Not immediately, however. Because of the endlessly slow way in which authors receive money (they wait until the end of a six-month royalty period, only to find, as a rule, that rights income from a mass-market sale will be reflected on the next statement, so the money tends to trickle in over a long period of time instead of in a single gusher, like movie sales) I did not feel immediately rich, which was probably just as well. I did feel what the French call dépaysé, as if I had lost my bearings. For a brief, perilous moment it seemed as if I might actually have to choose between the two professions. Very fortunately, Dick Snyder told me not to even think about it. I could write as many books as I liked, he didn’t care. Snyder still knew how to crack the whip, however—indeed, one reason for my dark night of the soul in Cleveland was that I had inadvertently missed an appointment with Paul Gitlin and Harold Robbins, obliging Snyder to fill in for me. I was still working for S&S, he had reminded me in a brief, curt message, and it was time to cut the crap and come home.
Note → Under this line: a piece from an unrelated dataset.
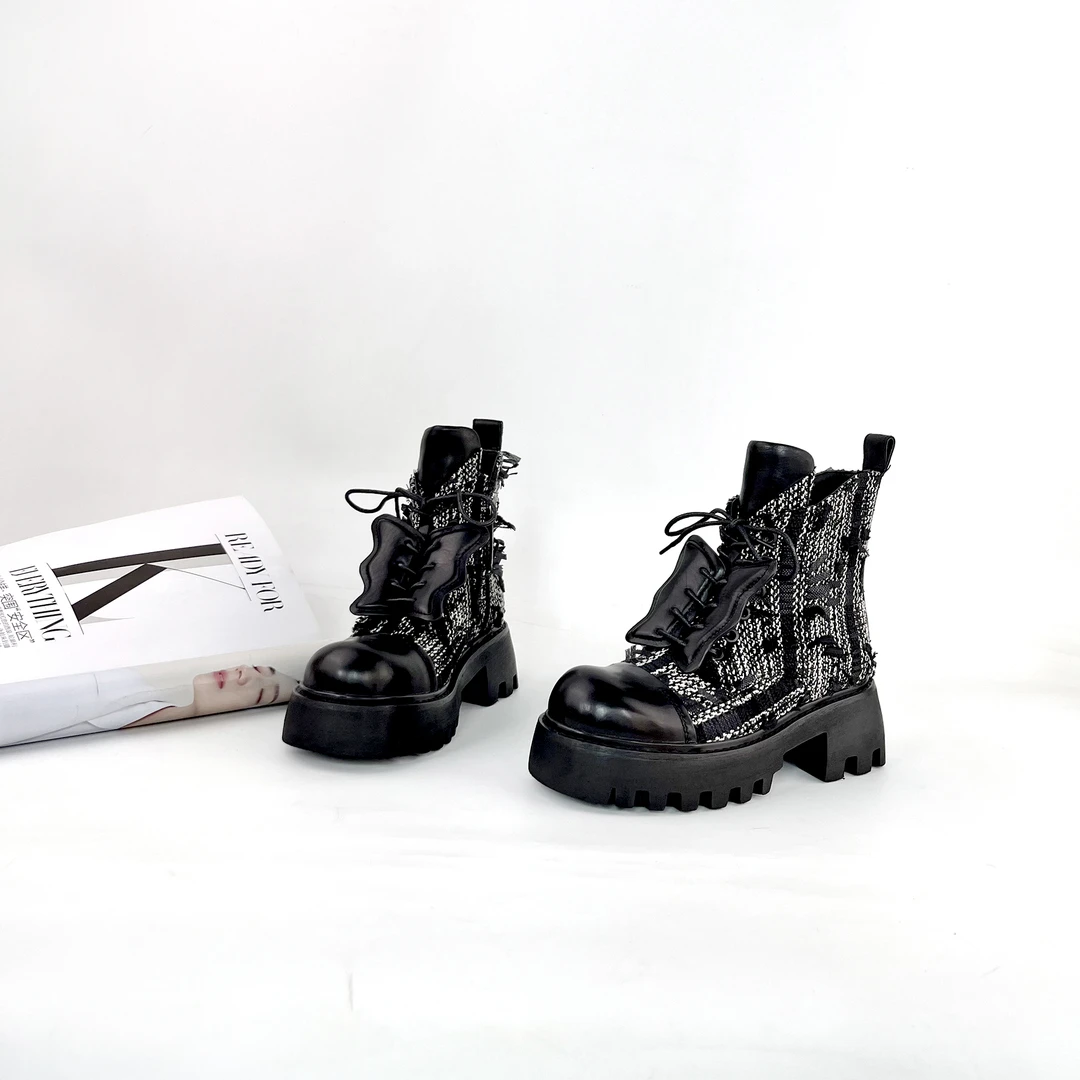 火爆秋季新款百搭女士英伦风真皮复古洋气马丁靴小短靴23X13-61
The real problem was not at work, however, but at home. While success was not the only reason for the slow deterioration of my marriage to Casey, it certainly didn’t help. As is so often the case, the first person to become dazzled by fame was the person who had become famous. While I was to write later that successful people are generally nicer than those who are not, I’m not sure that I fit into that category. With so much of my attention focused on S&S and what remained of it directed toward writing and promoting my books, domestic life got short shrift. It was a condition I had observed often enough in my authors’ lives, not to speak of my own family’s, so I should have known better. My father and his brothers seldom came home from the studio until late at night, worked seven days a week, and were often on location for months at a time. They considered this normal and did not connect it to the domestic complaints and unhappiness that greeted them on the rare occasions when they were home.
In any event, my sudden and bewildering emergence as a self-help guru coincided with a period in which my marriage took a turn for the worse. It does not seem particularly surprising, in retrospect. As if there were a contagious epidemic of flu, everybody’s marriage seemed to be collapsing in the early seventies, even those of people whose marriages had seemed to outsiders as solid as the Rock of Gibraltar—it was no doubt partly the logical aftermath of the sixties, when, for a decade or so, everything had seemed permissible.